Are Breast Cancer Deaths Declining Among Black Women? Yes, and Here’s Why


Although Black women have a higher rate of getting breast cancer before age 45 and are more likely to die from breast cancer at every age, a study from the U.S. Centers For Disease Control (CDC) has revealed that breast cancer deaths for this demographic are finally going down.

Closing the racial gap

There has always been a racial gap when it comes to death rates due to breast cancer among white and black women. The good news is that mortality rates due to breast cancer are on the decline — for black women as well as white women. This may mean that the racial gap is closing. According to the CDC, breast cancer incidence is about the same now for women of both races, and deaths from breast cancer are going down among both black and white women, especially among younger black women.

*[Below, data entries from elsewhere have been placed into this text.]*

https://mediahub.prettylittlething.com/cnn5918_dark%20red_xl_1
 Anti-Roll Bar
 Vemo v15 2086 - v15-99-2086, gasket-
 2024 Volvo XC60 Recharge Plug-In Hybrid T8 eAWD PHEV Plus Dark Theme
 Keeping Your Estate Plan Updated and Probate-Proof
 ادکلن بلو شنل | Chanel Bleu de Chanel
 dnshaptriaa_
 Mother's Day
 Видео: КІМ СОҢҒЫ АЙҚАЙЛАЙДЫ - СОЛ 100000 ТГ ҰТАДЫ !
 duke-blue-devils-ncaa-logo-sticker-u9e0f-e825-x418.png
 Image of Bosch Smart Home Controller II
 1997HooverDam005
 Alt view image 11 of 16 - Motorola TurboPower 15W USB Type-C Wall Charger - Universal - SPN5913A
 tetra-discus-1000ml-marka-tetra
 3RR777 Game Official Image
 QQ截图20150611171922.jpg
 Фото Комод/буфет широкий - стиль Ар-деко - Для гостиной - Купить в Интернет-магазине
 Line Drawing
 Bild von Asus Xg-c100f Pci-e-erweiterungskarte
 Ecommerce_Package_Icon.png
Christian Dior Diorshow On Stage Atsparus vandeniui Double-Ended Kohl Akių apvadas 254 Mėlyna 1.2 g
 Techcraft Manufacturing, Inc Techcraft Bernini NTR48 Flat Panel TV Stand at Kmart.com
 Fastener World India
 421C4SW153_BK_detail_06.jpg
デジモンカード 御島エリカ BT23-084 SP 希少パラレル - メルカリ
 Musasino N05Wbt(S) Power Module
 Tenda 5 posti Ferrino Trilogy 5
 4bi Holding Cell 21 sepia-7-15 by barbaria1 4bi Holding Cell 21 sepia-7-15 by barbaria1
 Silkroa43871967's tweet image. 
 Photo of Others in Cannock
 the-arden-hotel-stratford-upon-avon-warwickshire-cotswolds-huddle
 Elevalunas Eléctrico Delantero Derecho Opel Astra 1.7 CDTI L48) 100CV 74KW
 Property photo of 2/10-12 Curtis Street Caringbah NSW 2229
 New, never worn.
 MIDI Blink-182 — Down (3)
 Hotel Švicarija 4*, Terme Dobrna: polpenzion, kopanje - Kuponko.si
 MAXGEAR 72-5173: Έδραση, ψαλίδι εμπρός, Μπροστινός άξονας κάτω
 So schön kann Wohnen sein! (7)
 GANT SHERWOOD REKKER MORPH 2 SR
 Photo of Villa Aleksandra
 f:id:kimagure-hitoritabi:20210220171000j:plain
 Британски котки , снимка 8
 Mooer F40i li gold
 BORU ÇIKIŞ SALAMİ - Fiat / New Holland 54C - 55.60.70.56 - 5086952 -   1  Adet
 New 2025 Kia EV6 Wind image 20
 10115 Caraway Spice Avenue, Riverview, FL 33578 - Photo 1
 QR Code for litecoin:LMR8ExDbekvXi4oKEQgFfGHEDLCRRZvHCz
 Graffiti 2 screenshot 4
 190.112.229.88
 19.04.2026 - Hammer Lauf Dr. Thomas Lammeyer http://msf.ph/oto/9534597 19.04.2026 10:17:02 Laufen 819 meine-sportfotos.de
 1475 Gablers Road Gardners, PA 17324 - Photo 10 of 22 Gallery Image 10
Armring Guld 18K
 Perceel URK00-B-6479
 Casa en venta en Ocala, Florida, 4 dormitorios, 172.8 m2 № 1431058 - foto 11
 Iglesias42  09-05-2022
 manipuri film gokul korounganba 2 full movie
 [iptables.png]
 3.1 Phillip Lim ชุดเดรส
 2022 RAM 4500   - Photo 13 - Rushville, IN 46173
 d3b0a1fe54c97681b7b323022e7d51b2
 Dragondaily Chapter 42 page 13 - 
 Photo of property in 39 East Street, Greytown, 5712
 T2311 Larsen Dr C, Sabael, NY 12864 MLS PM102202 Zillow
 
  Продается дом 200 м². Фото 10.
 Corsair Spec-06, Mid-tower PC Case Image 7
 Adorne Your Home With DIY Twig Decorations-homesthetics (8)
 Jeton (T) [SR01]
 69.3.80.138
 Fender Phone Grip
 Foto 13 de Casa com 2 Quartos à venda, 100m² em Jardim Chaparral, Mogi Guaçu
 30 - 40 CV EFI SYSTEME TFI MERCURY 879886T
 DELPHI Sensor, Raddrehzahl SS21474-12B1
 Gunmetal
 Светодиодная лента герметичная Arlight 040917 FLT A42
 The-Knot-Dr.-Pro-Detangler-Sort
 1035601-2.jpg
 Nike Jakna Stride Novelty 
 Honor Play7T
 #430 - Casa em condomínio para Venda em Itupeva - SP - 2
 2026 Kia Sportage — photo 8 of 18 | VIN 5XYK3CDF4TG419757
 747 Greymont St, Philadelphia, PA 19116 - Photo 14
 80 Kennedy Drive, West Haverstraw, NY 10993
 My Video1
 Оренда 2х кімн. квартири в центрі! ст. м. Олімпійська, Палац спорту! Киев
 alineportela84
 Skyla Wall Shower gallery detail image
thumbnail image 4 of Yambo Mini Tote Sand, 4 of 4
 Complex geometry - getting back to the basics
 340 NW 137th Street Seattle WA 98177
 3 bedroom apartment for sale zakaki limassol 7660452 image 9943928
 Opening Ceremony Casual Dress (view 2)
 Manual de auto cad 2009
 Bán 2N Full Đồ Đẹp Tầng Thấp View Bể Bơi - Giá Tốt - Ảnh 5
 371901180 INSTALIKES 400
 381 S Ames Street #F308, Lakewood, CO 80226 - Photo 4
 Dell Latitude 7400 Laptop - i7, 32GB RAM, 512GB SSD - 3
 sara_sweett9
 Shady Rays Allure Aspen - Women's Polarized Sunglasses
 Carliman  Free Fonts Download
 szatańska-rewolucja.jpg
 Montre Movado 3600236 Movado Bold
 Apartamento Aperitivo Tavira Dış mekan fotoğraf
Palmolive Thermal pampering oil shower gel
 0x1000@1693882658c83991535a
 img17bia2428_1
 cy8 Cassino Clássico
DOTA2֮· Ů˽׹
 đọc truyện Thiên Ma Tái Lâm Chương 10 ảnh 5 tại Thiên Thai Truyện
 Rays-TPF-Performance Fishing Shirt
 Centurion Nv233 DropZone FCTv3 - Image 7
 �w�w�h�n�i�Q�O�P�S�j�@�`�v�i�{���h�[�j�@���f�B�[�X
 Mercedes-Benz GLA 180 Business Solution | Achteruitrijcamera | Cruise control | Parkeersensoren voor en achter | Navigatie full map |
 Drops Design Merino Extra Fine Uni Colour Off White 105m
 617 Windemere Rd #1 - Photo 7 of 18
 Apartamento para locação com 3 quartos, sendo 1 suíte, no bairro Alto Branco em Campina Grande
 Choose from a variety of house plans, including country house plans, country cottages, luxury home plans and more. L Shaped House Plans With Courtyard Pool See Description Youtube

“Even among women ages 60 to 69,  rates dropped 2 percent per year among white women and 1 percent among black women,” according to Dr. Lisa Richardson, director of the division of cancer prevention and control at the CDC.

Early detection making a big difference

Dr. Richardson believes that increased breast cancer education, more cancer screening and better treatment may be valid reasons why the numbers are going down. Early detection is key to producing positive results from treatment of breast cancer.

Although black women still have a higher mortality rate than white women of dying from breast cancer, the latest statistics hold out hope that more and more black and white women can be saved from this potentially deadly disease.